The simplest meaning of heuristics in artificial intelligence is making an approximation to reach the solution faster rather than trying all the options available.
Like in mathematics we are provided with statements such as the cost price is twice the selling price, in such cases, we always assume the selling price such as a variable ‘a’ and then the cost price will be twice of ‘a’. Here we can see the heuristics approach rather than trying all the possible solutions that will fit the criteria we start with an approximation. We could have solved the value without the approximation but it would have consumed too much of the time to try every possible option.
The heuristic approach is a technique to solve the problem quickly. Like we have talked in the uninformed searching, the searching starts from an initial state and tries all the possible states that we can have from our space state and when we have reached the goal state at that point our search will end. But the only difficulty that we face in its application is that as the space states increase our time complexity increases and it increases exponentially than linearly. For example, solving chess problems in such cases the time complexity will be in a form of (b^d). All these kinds of problems come under the Non-polynomial type problem or it is generally referred as the NP problem because in such problems the time complexity is so much that they cannot be practiced without a heuristic approach in a real-life scenario. The work of the heuristic approach is to reduce the time complexity that would have been earlier not possible to be reduced if we have tried all the possible combinations instead we only try the best possible outcome options from the multiple solutions and this is also called the greedy approach.

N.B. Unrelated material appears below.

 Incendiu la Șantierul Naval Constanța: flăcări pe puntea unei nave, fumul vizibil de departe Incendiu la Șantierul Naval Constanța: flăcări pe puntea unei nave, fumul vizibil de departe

So if you want to solve a Non-polynomial problem in polynomial time then a heuristic function is applied. The heuristic function may determine the solution as the form of maximum value or the minimum value so that it can begin the search either with the state space that has the maximum value or either the minimum value and this will greatly reduce the search as the heuristic function will keep on repeating the loop over and over again and keep on selecting either the minimum or maximum value again and again. In this way, we can obtain the solution but the solution will be a combination of what we suppose to be the best options present. This can offer us a good solution in a short time but not an optimal solution.
For example, you have to find the distance between the initial state and the goal state, there can be one way that you start in all direction and travel each direction to see if you are reaching the path this kind of approach is opposite to the heuristic approach where there is guiding information for making a decision and also these type of search is called uninformed searches. Whereas the other way to reaching two points in the shortest time possible is when you start from the initial point and travel from that initial point to all direction and the after some time has collapsed you stop and wherever you have reached you calculate the distance and you do it with all the possible states that you have reached now the minimum distance will become our next selected point to travel, and all the above steps will repeat until we have reached our goal point, now this method is called the Euclidean distance method and comes under the heuristic approach. The same case is followed in the Manhattan distance and the number of tile problems both methods can give us the least distance covering the path.
The thing that you have to remember is that the heuristic function can prove as a guide in finding the best solution and the heuristic search occurs in the result of the heuristic function. The purpose of the heuristic function is to guide the heuristic search process and opt for the optimal path from various other paths that are available.
There is an opposite strategy that is devised beside the heuristic search approach and that is called blind search. As the heuristic can act on some approximate or guide, the blind search has absolutely no idea or the knowledge of the problem that it is going to act upon. The blind search is also known as the uninformed search where there is no guiding path to the function and the initial and the final state is provided to the function to act upon and it has to try all possibilities.